**WORK TO BE COMPLETED**
Write out, please, each line from the one containing "Miel d'Oranger BIO" to the final line of the data, both included, exactly and without pictures.

**INPUT DATA**
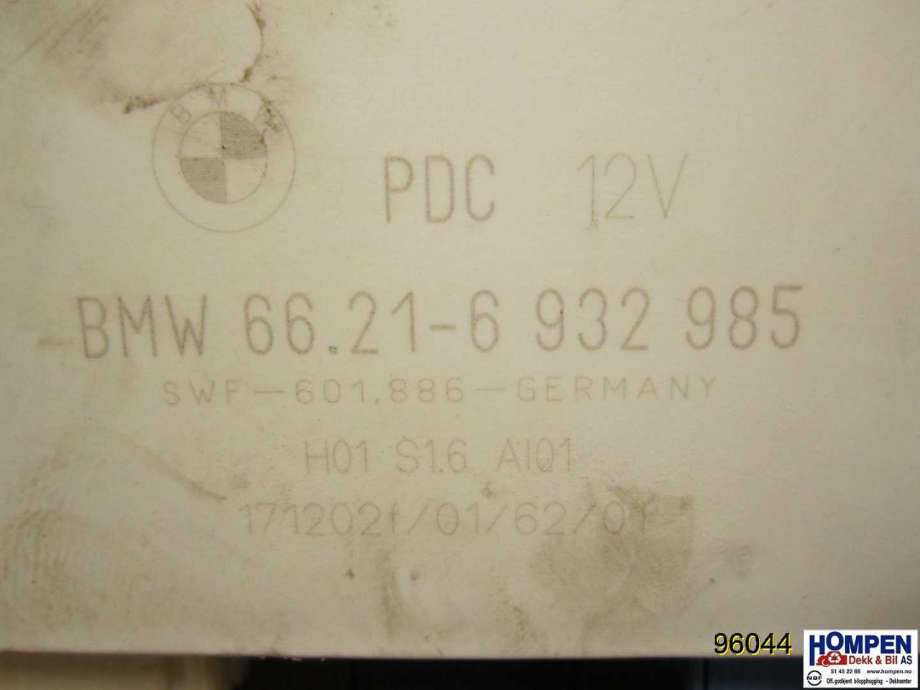 Styreenhet parkering til BMW X5 2000-2006 (E53) (E53) (BMW|66216932985|601886|)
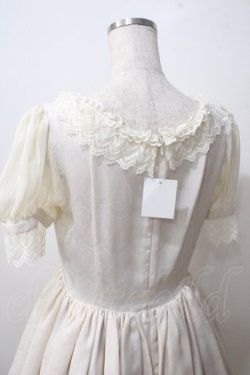 画像6: BABY,THE STARS SHINE BRIGHT / Claudia，The Fairy Tale Princessワンピースセット  オフｘ紺 Y-25-06-26-072-BA-OP-AS-ZY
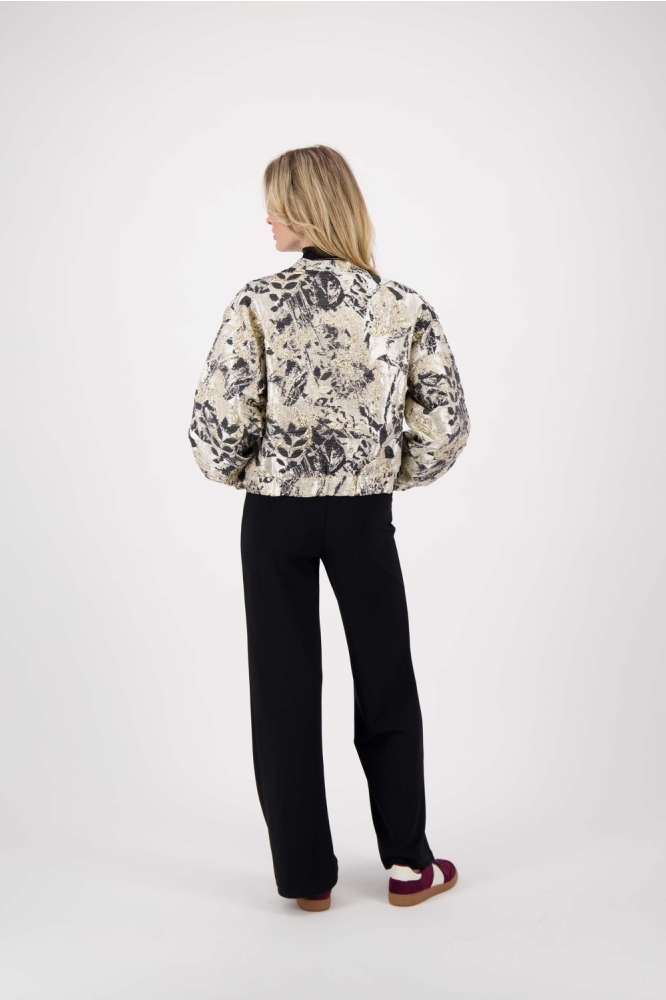 Zusss beige dames jas | Model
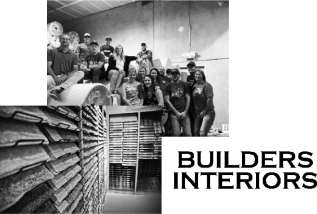 Builders Interiors text and company photo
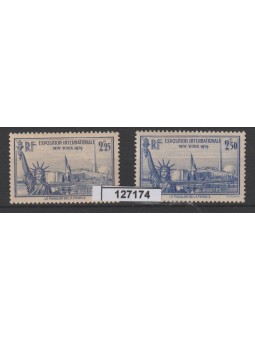 1939 - 40 FRANCIA EXPO NEW...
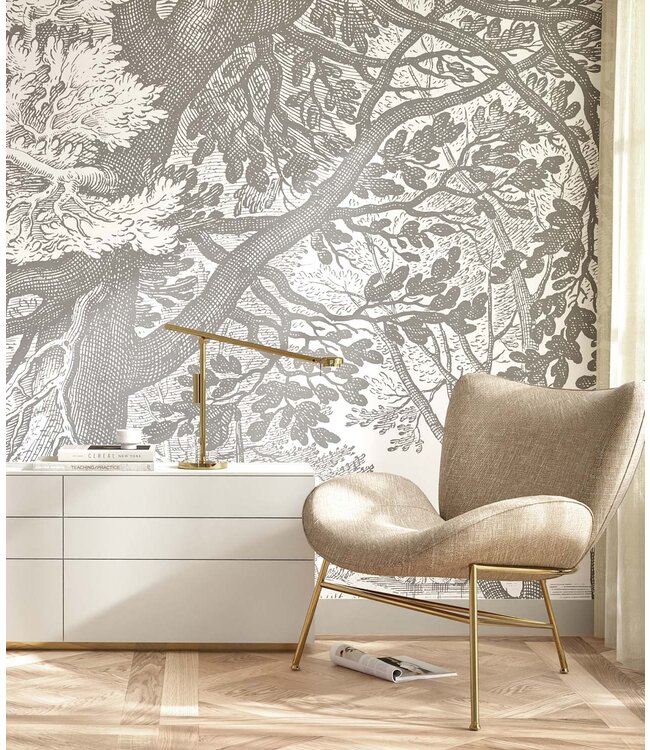 Landschap behang Engraved Landscapes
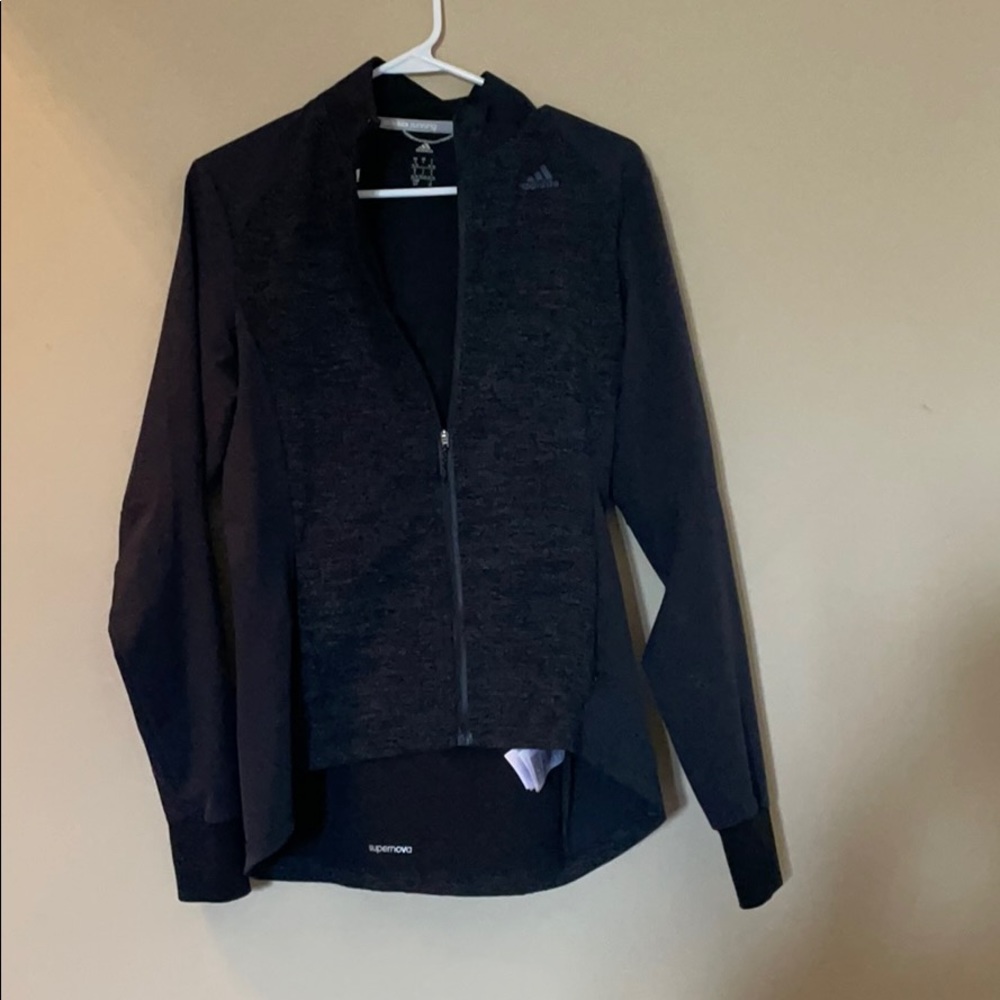 Adidas workout jacket size small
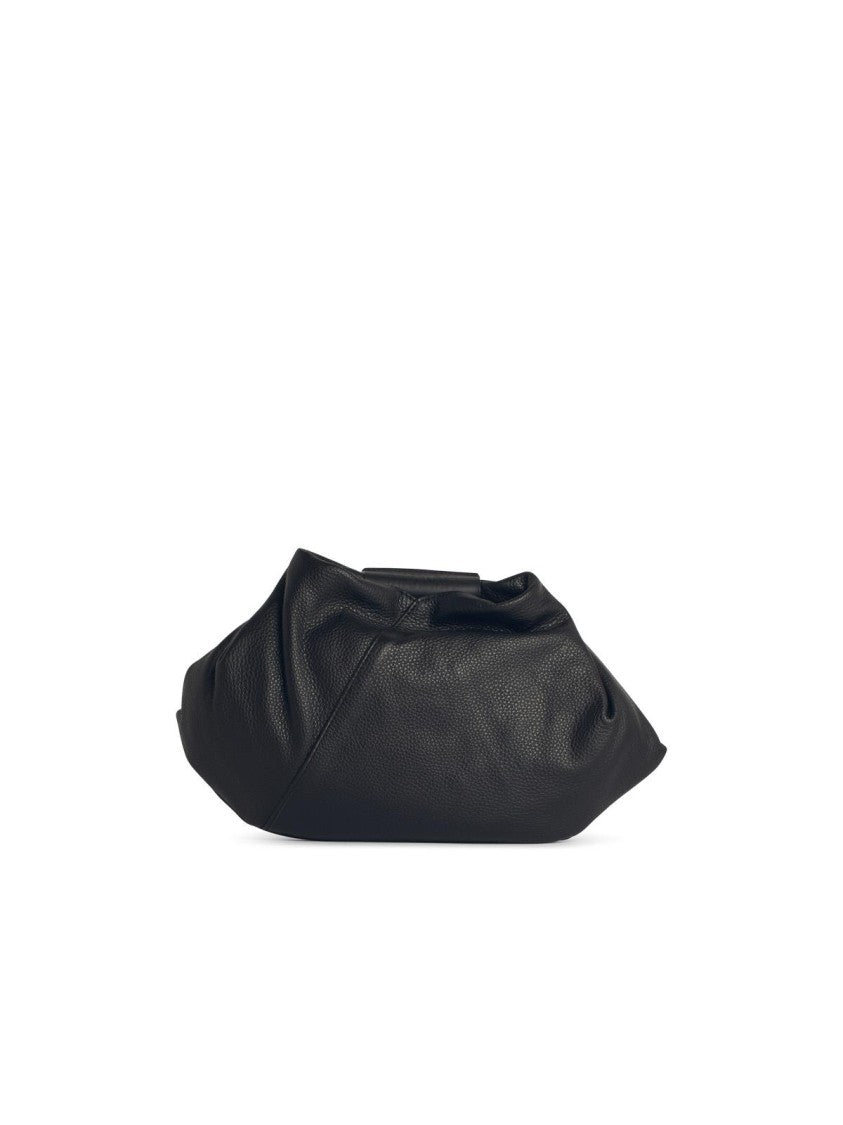 Mm6 By Maison Margiela 'Japanise' Mini Bag In Black Leather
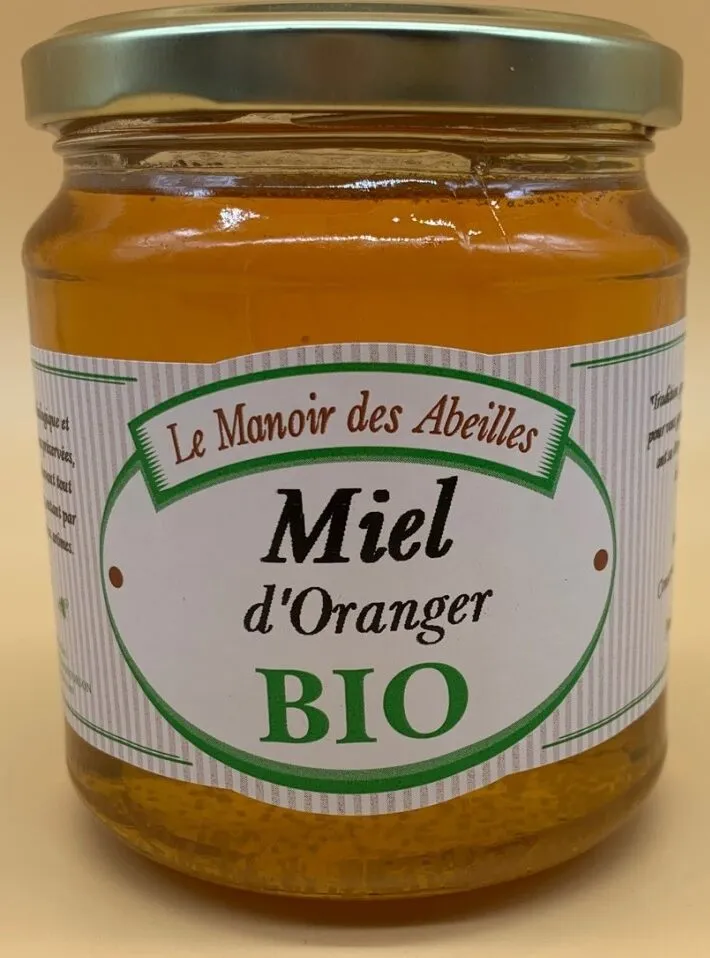 Miel d'Oranger BIO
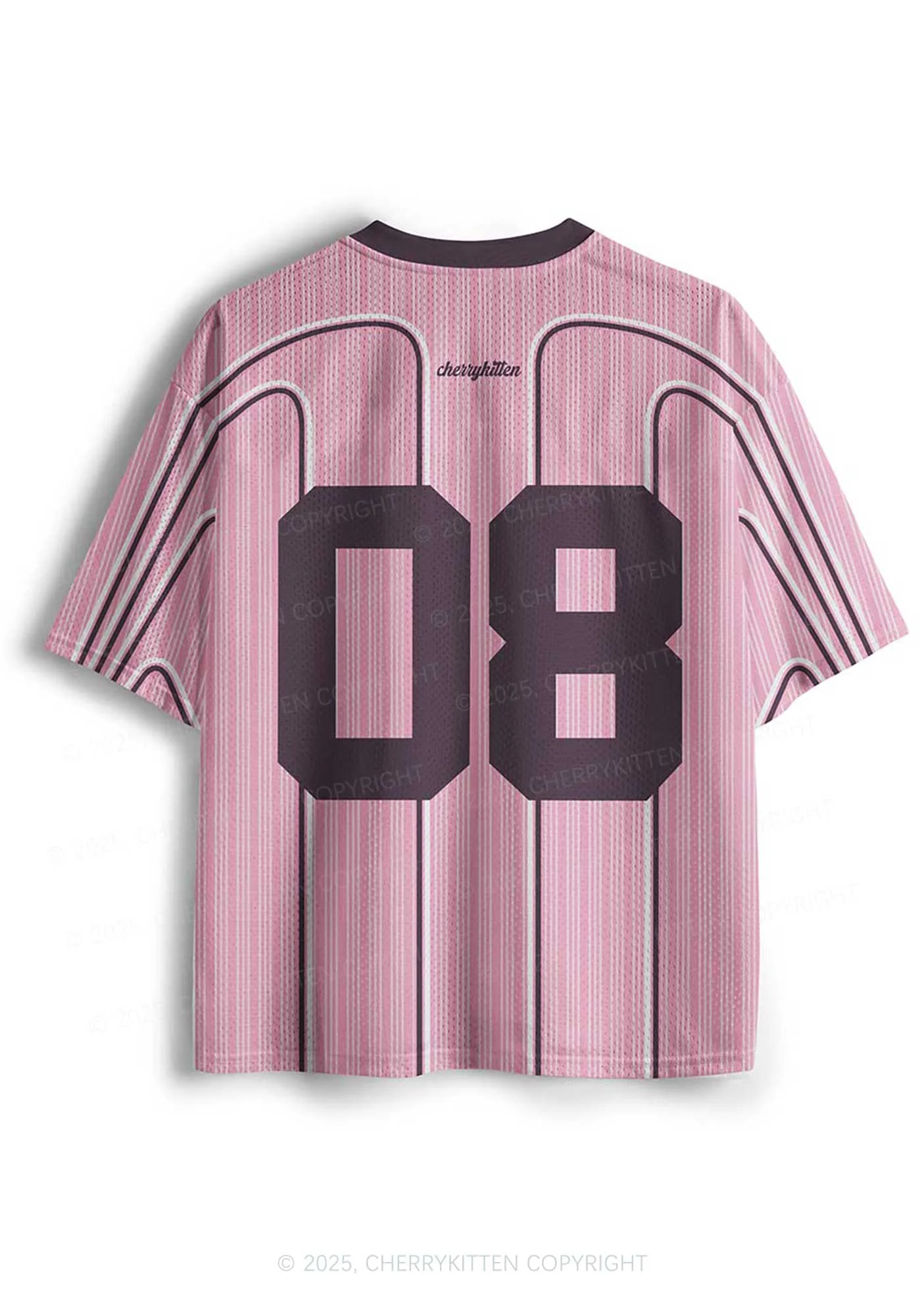 Custom Pink Ratz Y2K Sport Jersey Shirts Cherrykitten - Image 2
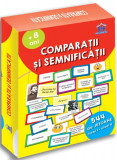 Comparații și semnificații. 544 de jetoane - Paperback - Gabriela G&icirc;rmacea - Didactica Publishing House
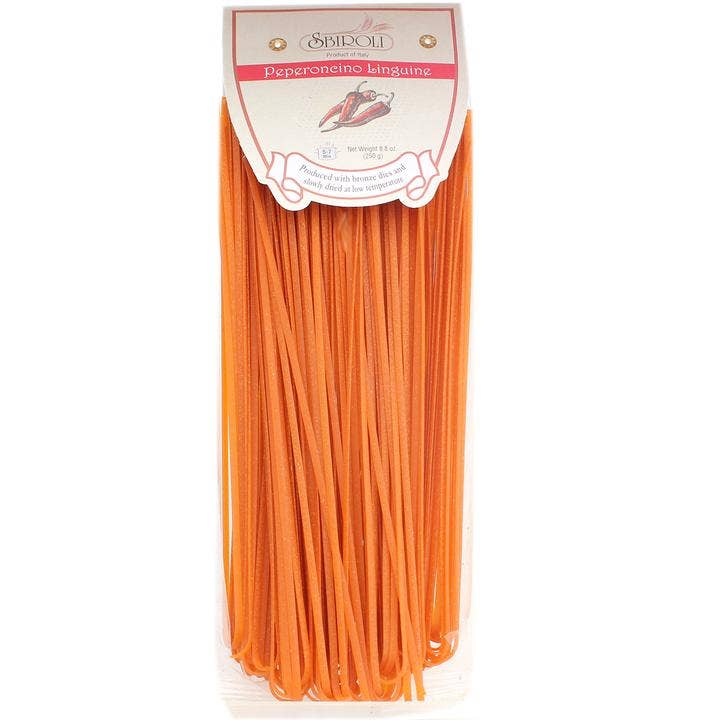 Sbiroli Peperoncino Linguine Pasta - 8.8oz (250gm) for wholesale by M5 Corporation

**SOLUTION TO THE PROBLEM**
 Miel d'Oranger BIO
 Custom Pink Ratz Y2K Sport Jersey Shirts Cherrykitten - Image 2
 Comparații și semnificații. 544 de jetoane - Paperback - Gabriela G&icirc;rmacea - Didactica Publishing House
 Sbiroli Peperoncino Linguine Pasta - 8.8oz (250gm) for wholesale by M5 Corporation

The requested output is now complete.